Amid strong criticisim from his party leadership Sen. Charles L. Waddell (D-Loudoun) had struggled unsuccessfully to place Republican Kenneth Rollins, the mayor of Leesburg, in the position. A subsequent attempt by Waddell to appoint Democrat George Martin, Leesburg's town attorney came to late to smooth the ruffled feathes of Democratic leaders.

Del. Earl E. Bell (D-Loudoun), one of three Democratic delegates who spearheaded the drive for Hertz, said today that Waddell was "pretty naive" to think he could win the appointment of a Republican judge in the Democrat-dominated state.

"You may be able to keep partisan politics out of it (judgeship selections) at home,"Bell said, "but you're never going to be able to do that in Richmond -- particularly when you've got a Republican governor who went around campaigning against every Democarat."

Rollins last year posed on election challenge to Bell and the other two Democratic delegates, David Brickley and Floyd Bagley. Bell said yesterday that Rollins Republican candidacy made him particularly unacceptable to the legislature's Democratic leadership.

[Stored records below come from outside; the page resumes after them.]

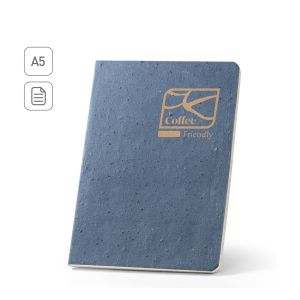 COFFEEPAD SEMI-RIGID. Тефтер A5 с полутвърда корица, изработена от отпадъци от люспи на кафе (65%)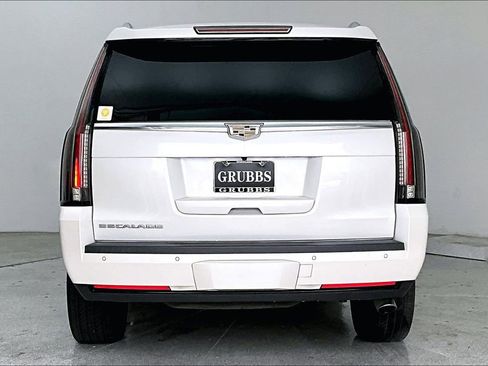 Used 2016 Cadillac Escalade Premium image 6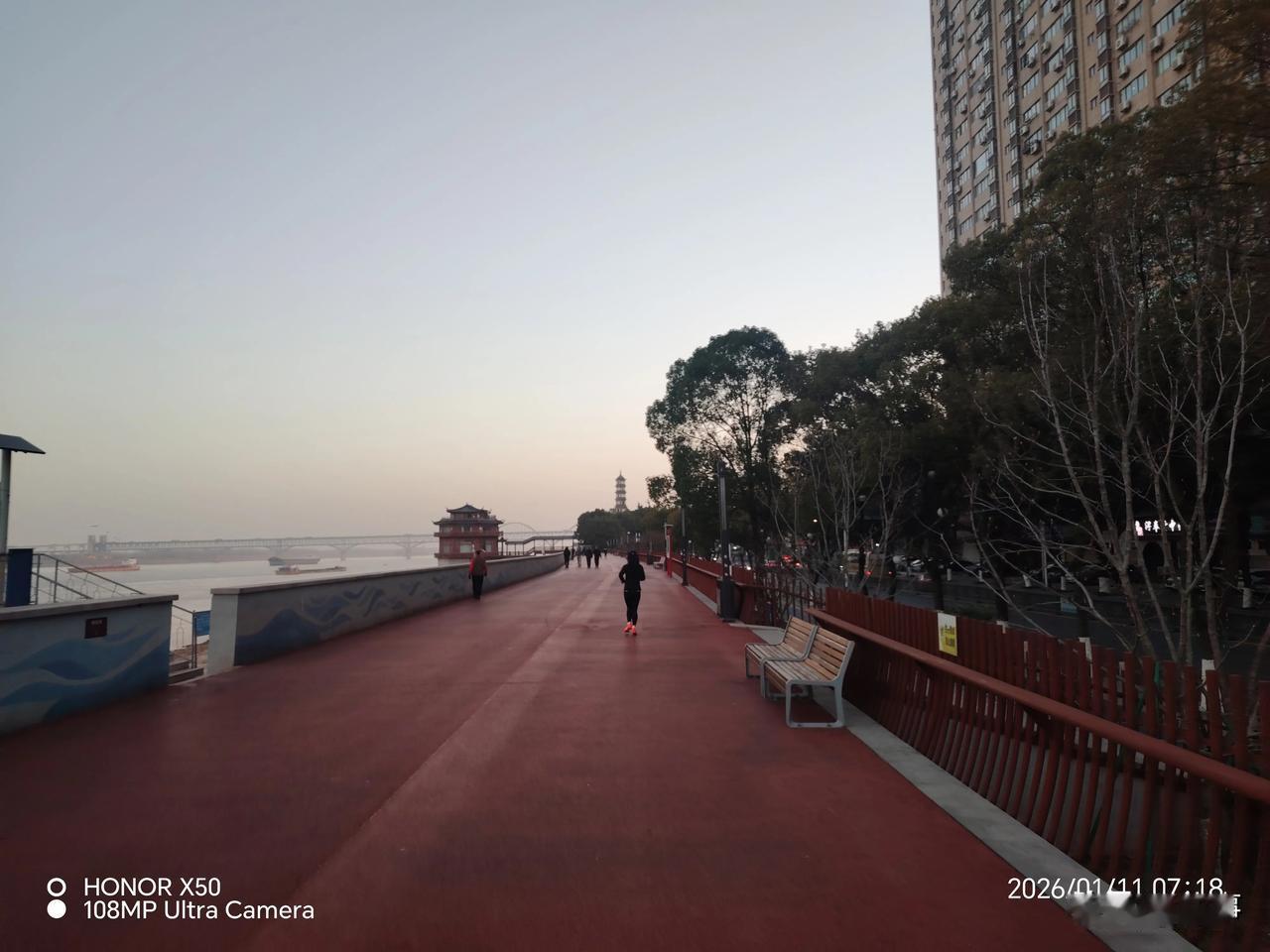 你觉得中年人的压力主要来自哪里中年人的压力主要来自工作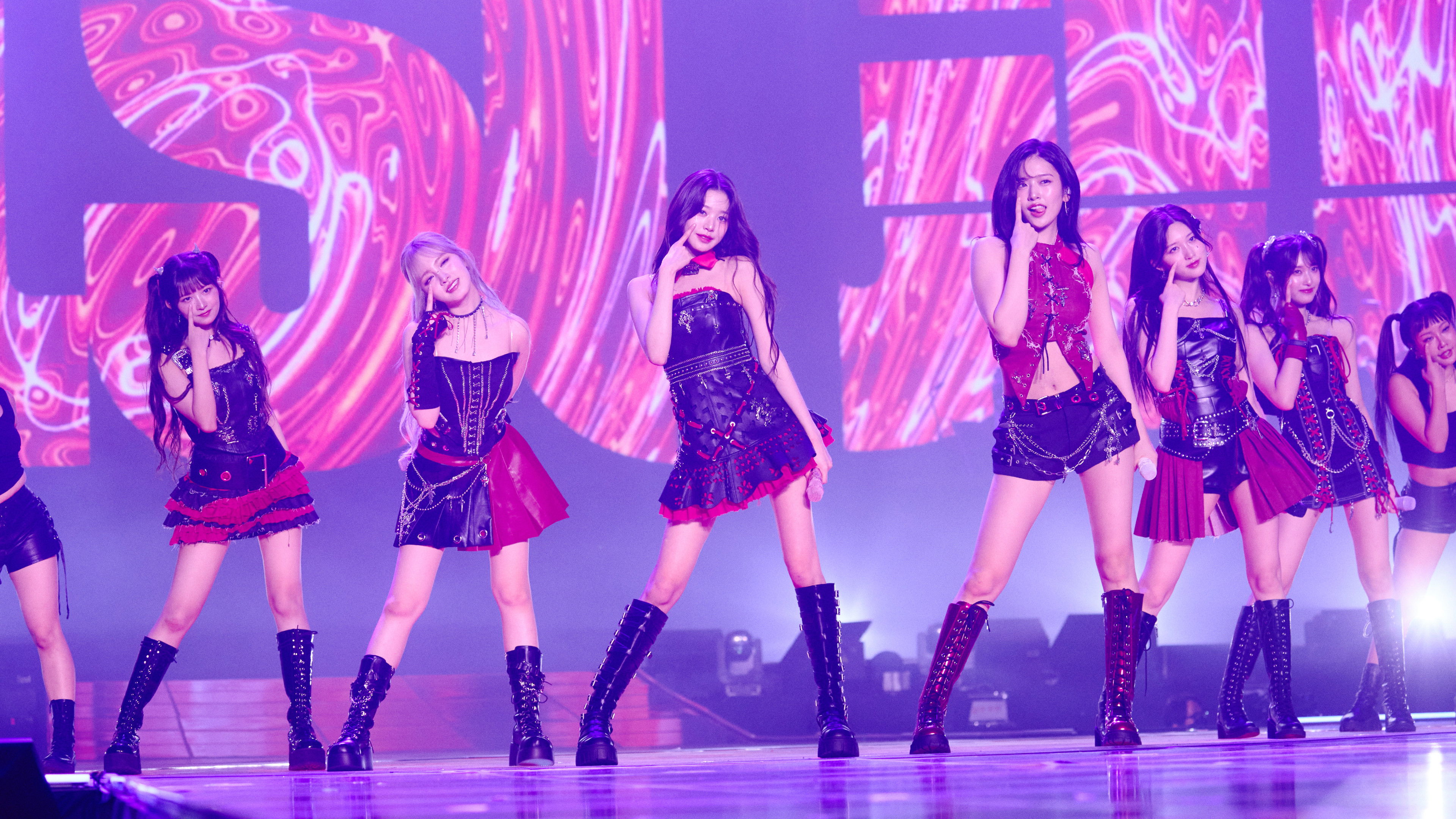 Backdrop for IVE THE 1ST WORLD TOUR in CINEMA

"I kind of feel sorry for Charlie (Waddell)," Bell said, adding that the senator had damaged his political effectiveness in Richmond. "He should have known better."

Waddell, who had portrayed his judicial nominations as a protest against what he saw as an inequitable judgeship selection selections process, said today that "the people of that judicial district and the judiciary of Virginia were the real losers" in the legislature's decision to select Hertz.

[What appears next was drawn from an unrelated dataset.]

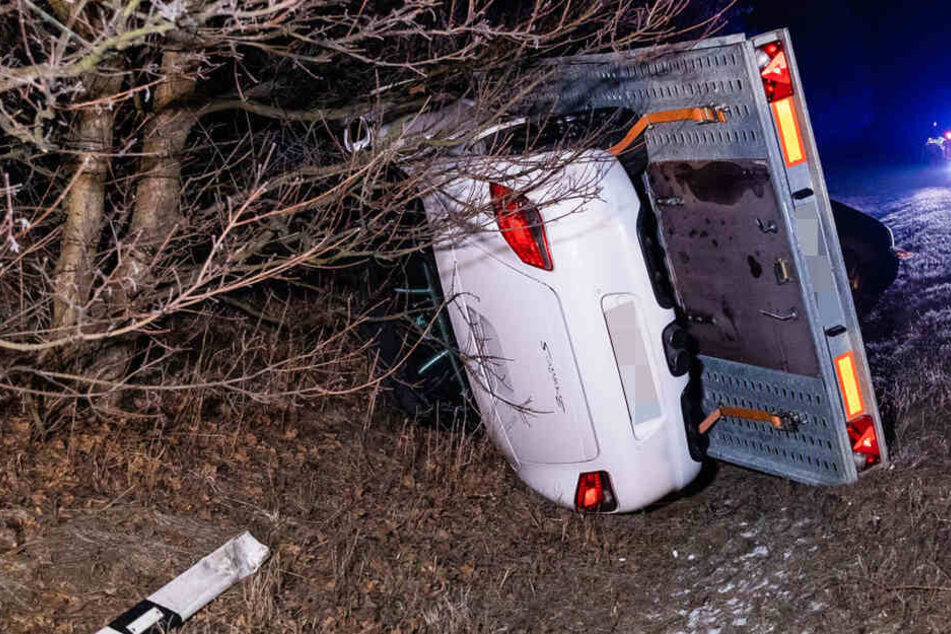 Der Porsche kippte samt Anhänger auf der A4 um.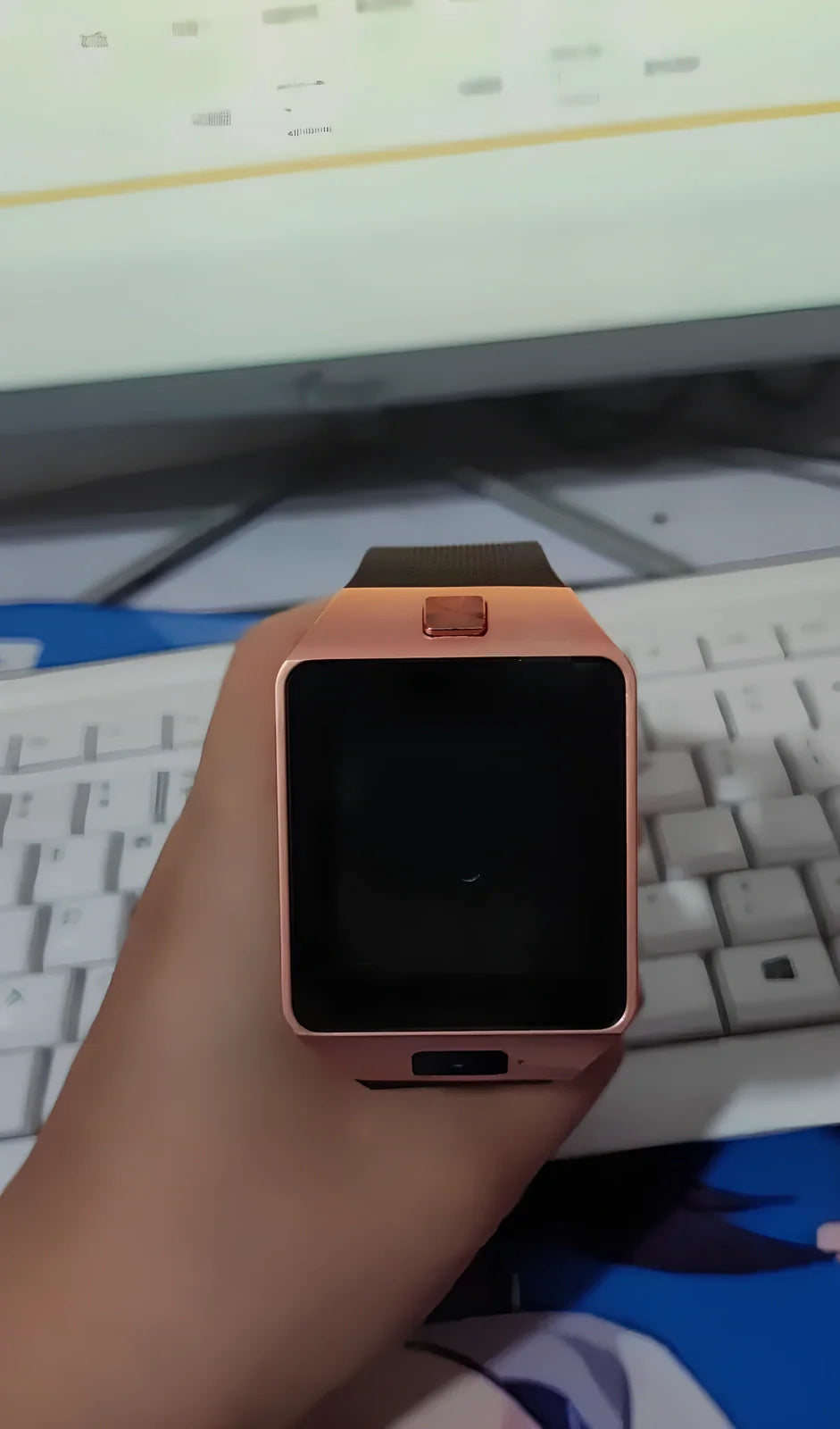 Bluetooth smart watch with 1.5-inch touch screen showing notification display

He contended that Hertz has not adequately demonstrated his qualifications in the area of juvenile law. Wadell has also argued that the judge for the 20th judicial district should be a resident of Loudoun County, which he said generates about 80 percent of its caseload. Rappahannock County produces only about five percent of the district's work, Waddell said.

Hertz, 59, is a distant relative of Virginia House Majority Leader Thomas W. Moss Jr. A 28-year resident of Falls Church, Hertz was that city's commissioner of revenue for 24 years and also served as a chariman of the Falls Church Democratic Committee. He has also held positions on the Virginia State Democratic Central committee and the 10th District Democratic Committee.

Hertz moved to Flint Hill in Rappahannock County four years ago and maintains law offices in Falls Church and Washington, Va. He will assume the $42,000-a-year position on Feb. 1.

Among other judges selected by the legislature yesterday was Richard t. Horan of Springfield, who was named to a six-year term as a general district judge in Fairfax County. Horan's brother, Robert F. Horan, was recently reelected as chief prosecutor in the county.

Robert Horan said today he saw "no ethical problem at all" with his brother's selection and said he would not appear personally before his brother in his role as country prosecutor.

Barbara M. Ardis of Fairfax City and Johanna M. L. Fitzpatrick of Great Falls also became the first full-time women judges ever selected by the General Assembly to serve in Fairfax County. Both will begin six-year terms on Feb. 1.

Ardis was named to the position of general district court judge, and Fitzpartick will serve as a juvenile and domestic relations judge.